Data listing:
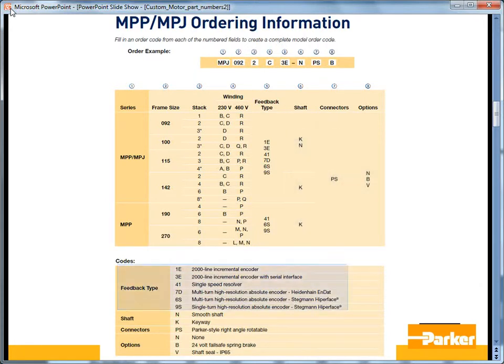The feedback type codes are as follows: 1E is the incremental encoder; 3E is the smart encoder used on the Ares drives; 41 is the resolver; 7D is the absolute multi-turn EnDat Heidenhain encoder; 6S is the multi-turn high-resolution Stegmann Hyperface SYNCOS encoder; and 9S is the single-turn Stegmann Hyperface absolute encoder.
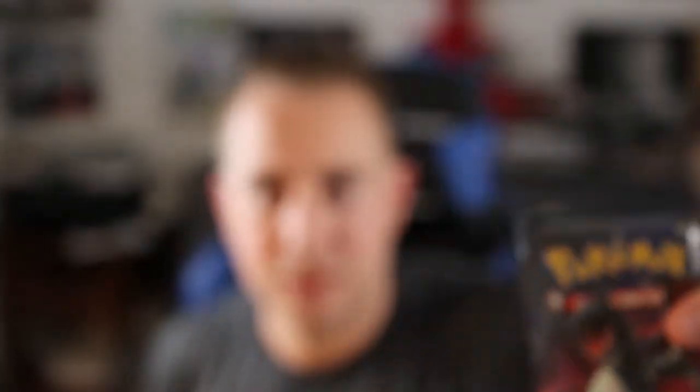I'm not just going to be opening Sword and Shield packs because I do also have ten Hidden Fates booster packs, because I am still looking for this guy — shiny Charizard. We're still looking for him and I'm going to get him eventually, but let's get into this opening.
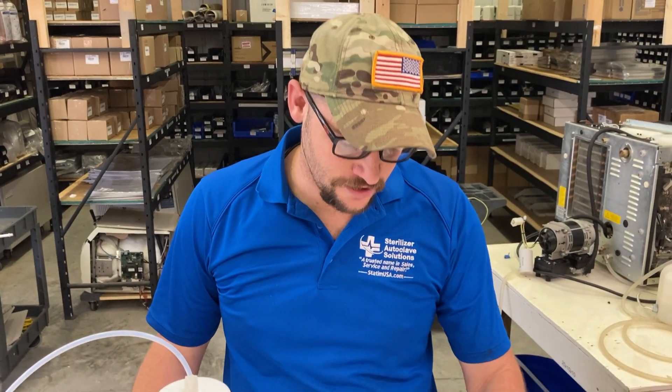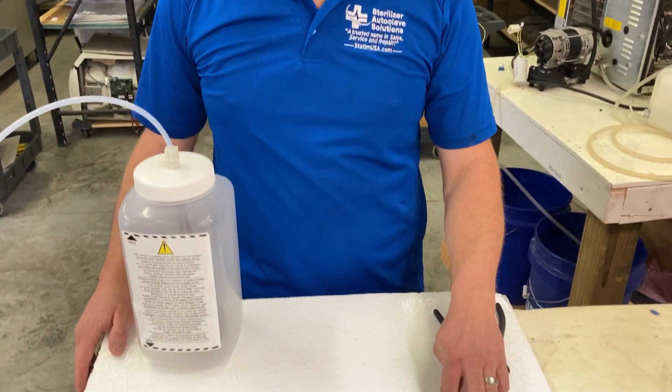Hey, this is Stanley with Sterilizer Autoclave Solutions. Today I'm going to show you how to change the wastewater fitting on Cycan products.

* * *

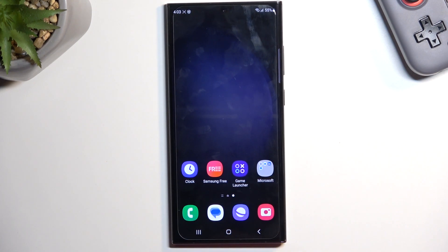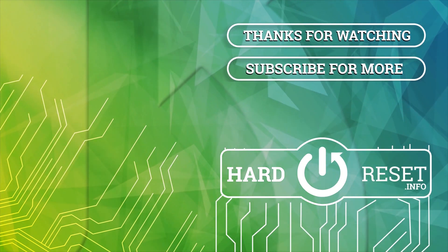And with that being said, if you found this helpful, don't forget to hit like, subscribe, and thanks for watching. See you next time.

==

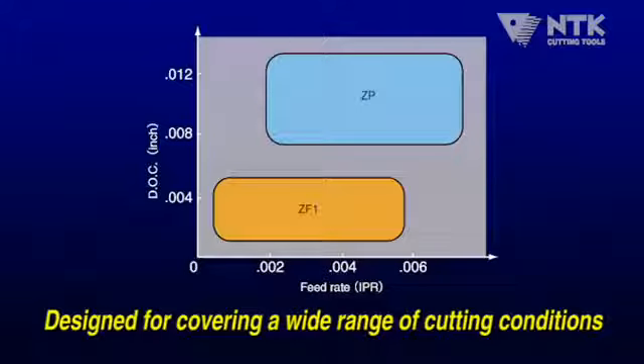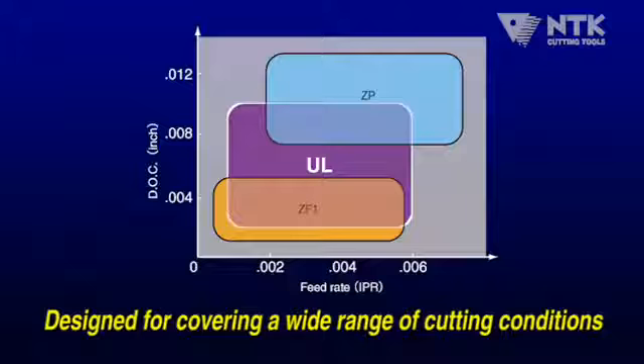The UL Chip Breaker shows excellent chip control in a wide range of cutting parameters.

Task prompt: Beginning with the line holding "The feedback type" in the material above, restate word for word each line through the line holding "Hey, this is", and exclude pictures.

Response to the task:
The feedback type codes are as follows: 1E is the incremental encoder; 3E is the smart encoder used on the Ares drives; 41 is the resolver; 7D is the absolute multi-turn EnDat Heidenhain encoder; 6S is the multi-turn high-resolution Stegmann Hyperface SYNCOS encoder; and 9S is the single-turn Stegmann Hyperface absolute encoder.
I'm not just going to be opening Sword and Shield packs because I do also have ten Hidden Fates booster packs, because I am still looking for this guy — shiny Charizard. We're still looking for him and I'm going to get him eventually, but let's get into this opening.
Hey, this is Stanley with Sterilizer Autoclave Solutions. Today I'm going to show you how to change the wastewater fitting on Cycan products.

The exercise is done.